Yes, Charlemagne’s piece is very good, and much more informative even than an interview with the point-man in this crisis himself, namely German Finance Minister Wolfgang Schäuble, which we get here in the Frankfurter Allgemeine Zeitung. But that’s logical: Finance Ministers the world over, especially those with responsibility for big economies and/or major currencies, always have to live with the realization that anything they utter has the potential to violently move markets within seconds of its utterance. Still, the interview’s title is quite apt – “First the punishment, then the Fund” – and, in his bureaucratic way, Schäuble does illustrate the current German position well, starting with his ridiculous assertion (the very first thing he says in the interview) that “Greece has not gone looking for help.” That may be true in the strictest sense, but it’s also clear that Greece is looking for some additional show of support from European leaders at this summit in order to reassure markets and lower the interest rate the country is being asked to pay. Commission President José Manuel Barroso has a proposal to do just that, and Schäuble is asked whether Chancellor Merkel will support it; he simply avoids the question. One thing it is now clear that Merkel will support is the involvement of the IMF, something Schäuble himself has previously been on record as being against, to the point of proposing plans to create a Monetary Fund within the EU (something €S previously covered here) to deal with such problems itself. But Schäuble is wily, he can square this circle: IMF involvement would be OK, he admits, in fact experts from that institution are already on the scene (as I reported here). But it would be better to solve the problem within the family, so to speak, within Europe, so that the IMF should only be used in exceptional cases.

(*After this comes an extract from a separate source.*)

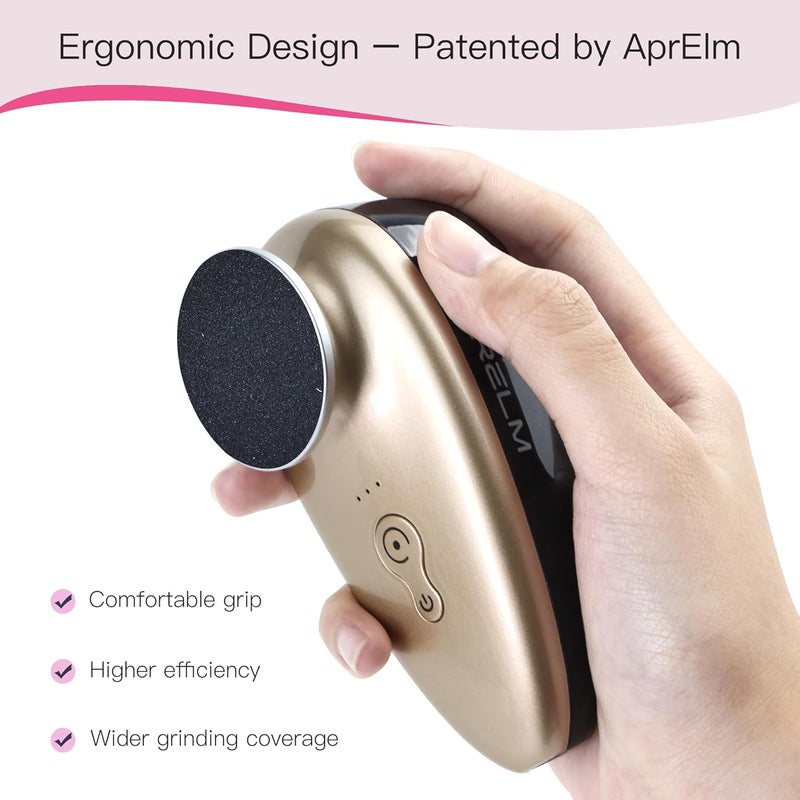 APRELM Rechargeable Electric Foot Callus Remover with 3-Sizes 120Pcs Sandpapers, Professional 1000RPM Electric Foot File with Organizer, Pedicure Tools Gifts for Women Men (E5 Black-Gold) - Image 2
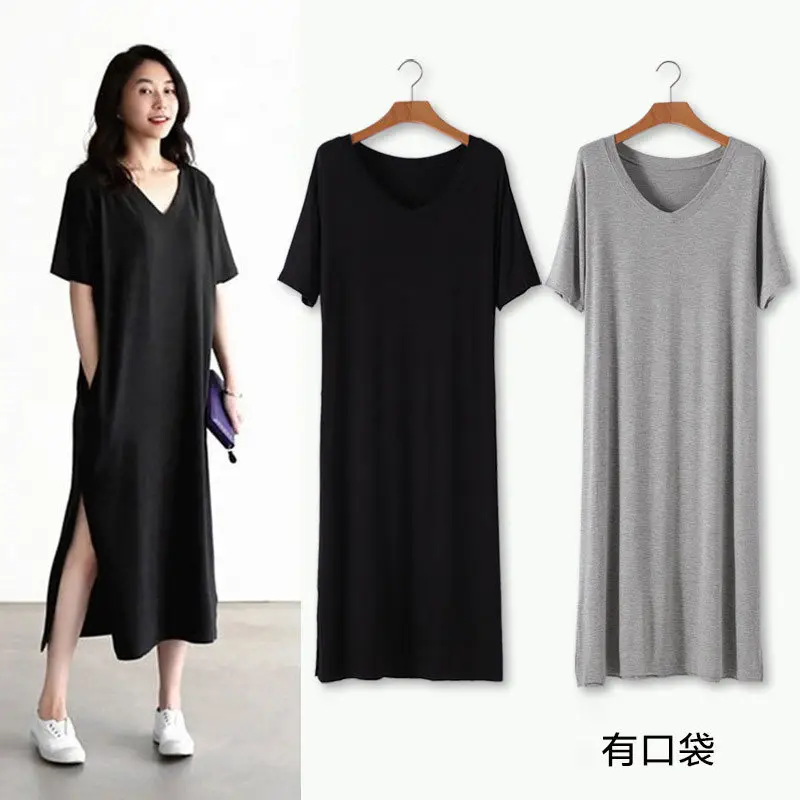 Women's V-Neck Long Grey Modal T-Shirt - Image 6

No Decision Til May, Please

Die Zeit also has its own guide out on the Greek controversy prior to the EU summit, written by Alexandra Endres and entitled (inevitably) The Greek tragedy. Again, the analysis you’ll find in that aforementioned Charlemagne column is superior, but Ms. Endres still makes some good, frank points about the situation, among which:

  • German officials basically want to avoid any decision for as long as possible in view of the serious unpopularity among their electorate of the idea of helping the Greeks out in any way. They’d at least like to avoid it through 9 May, which is when important regional elections take place in Nordrhein-Westfalen, the country’s most-populous state.
  • A powerful argument the Germans use for their reluctance to help out Greece is the national accounting chicanery the Greeks are known for, which among other things secured them an undeserved place in the Eurozone back in 2001 and was ongoing until very recently, when the Greek government belatedly announced a much-greater deficit than had been reported. (Indeed, there’s little more reason to have much confidence in Greek government accounts today.) Yet Ms. Endres makes the argument that the leaders in the other Eurozone countries were not fools, nor were the officials of Eurostat, the official EU statistical agency. Everyone more-or-less knew that the Greeks were fudging their books, so that now, when that has led to so much trouble, it’s not just the Greeks who are responsible for that.

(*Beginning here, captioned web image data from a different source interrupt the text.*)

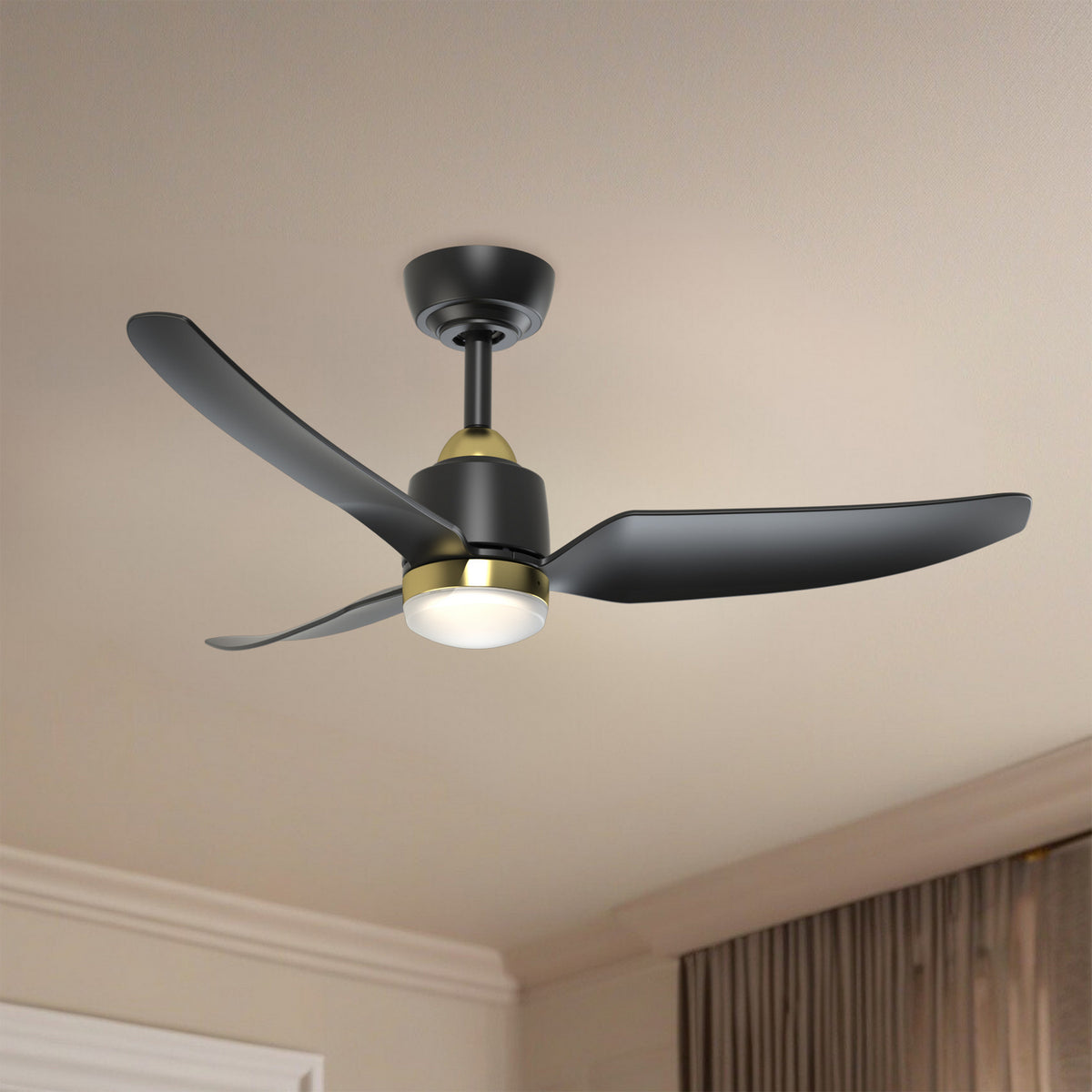 Ventilateur de plafond Hugo Oui, Or brossé / Noir, 42 3/8" – vue 5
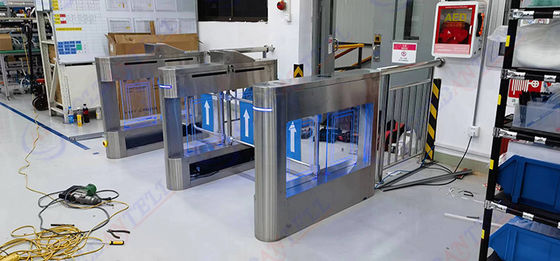 Security Turnstile Gate with 1400x120x1000mm Dimension 55-130CM Lane Width and AC 110~240V Power Supply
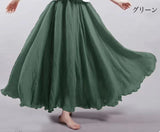 Women's Literature And Art Large Cotton Tamples Skirt Tight Waist A-Shaped Skirt Long Solid National Style Skirt 24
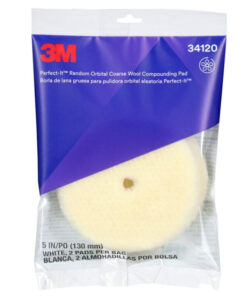 3M Perfect-It (2 Pack) Random Orbital White Coarse-Grade Wool Compounding Pad 5" 34120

Ms. Endres raises another crucial point, one that too often is neglected: provisions of the Maastricht Treaty which created the euro and the Eurozone make it difficult actually to help out financially a member-state that has gotten itself into trouble like Greece has. Indeed, they would seem to forbid that, meaning at the least that legalistic work-arounds have to be found. But some people are ready to take that Maastricht Treaty prohibition seriously, and even to go to court to have any aid to Greece declared illegal, should things come to that. For one, there is the group of four prominent Germans (they’re named in the article, but you’ve probably never heard of them, so I won’t name them here) already famous for having gone all the way to Germany’s Supreme Court in the 1990s to try to stop the introduction of the euro in Germany. So that is another heavy consideration that has to be weighing on the minds of Chancellor Merkel, Finance Minister Schäuble, and German officialdom generally as they try to deal with the Greek problem.